Recognizing this history, what universal lessons, if any, are specific to lawyers and judges? Why did the lawyers and judges prove to be so weak, pliable, and accommodating? I will not even get into the how this could have happened. There are so many related questions and inquiries.
Experience shows the necessity for the rule of law and an independent judiciary, regardless of social system. I would say that is true under capitalism, socialism or really any system. Without the rule of law and an independent judiciary, there is no ultimate protection for individuals who are different because of religion, race, sex, sexual preference or political perspective (and even that may not be enough). The history of fascism shows what happens when legal machinery is fastened to a totalitarian project. The law transforms into a form of justification for ludicrous ends. The often tenuous relationship between law and justice is sundered. Lawyers and judges become mouthpieces for monsters.
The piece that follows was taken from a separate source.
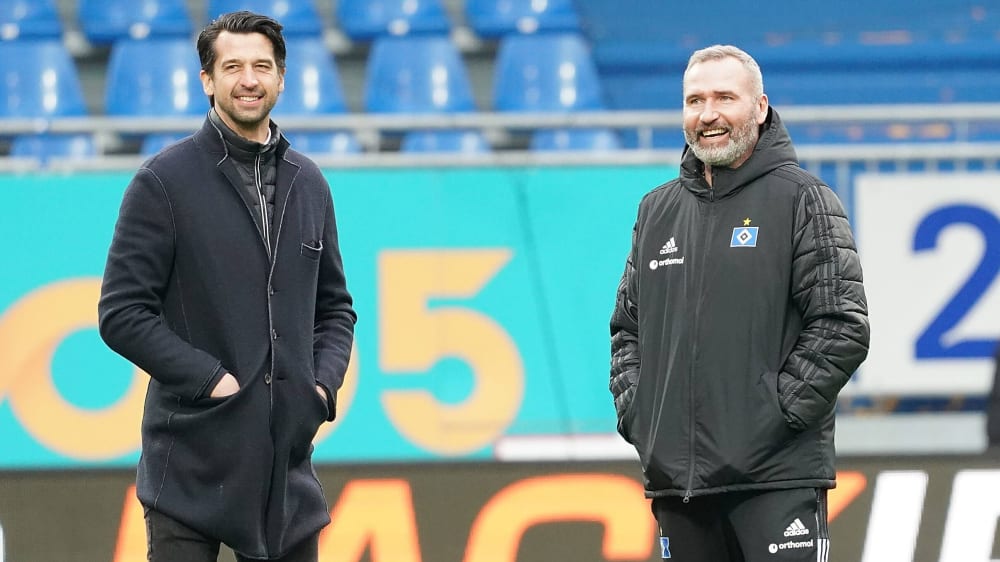 Leben das gegenseitige Vertrauen vor: HSV-Sportdirektor Jonas Boldt (l.) und Coach Tim Walter.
The roles of lawyer and judge are both subject to opportunism and careerism. The perception of personal advancement can dictate going along, not rocking any boat, and, as happened with Nazism, degenerating into moral bankruptcy. Why so many went along and so few resisted is sobering. Personal profit, fear, anti-semitism, and a sick pride in being part of the Volk may all be reasons. Some took advantage of Jewish misfortune and did personally profit.
The idea of universal human rights was apparently an abstraction with no payoffs. It doesn’t appear too many lawyers or judges calculated there was a problem when the anti-Jewish laws came along. Demonizing the other apparently resulted in a stronger feeling of identity for the remaining members of the profession. For those who may have harbored doubts, the cost/benefit ratio probably was cautionary. As the Nazis consolidated power, the risks in opposition heightened. Nevertheless, the lack of principled opposition to the Nazis is a permanent stain and a forever disgrace on the German legal profession.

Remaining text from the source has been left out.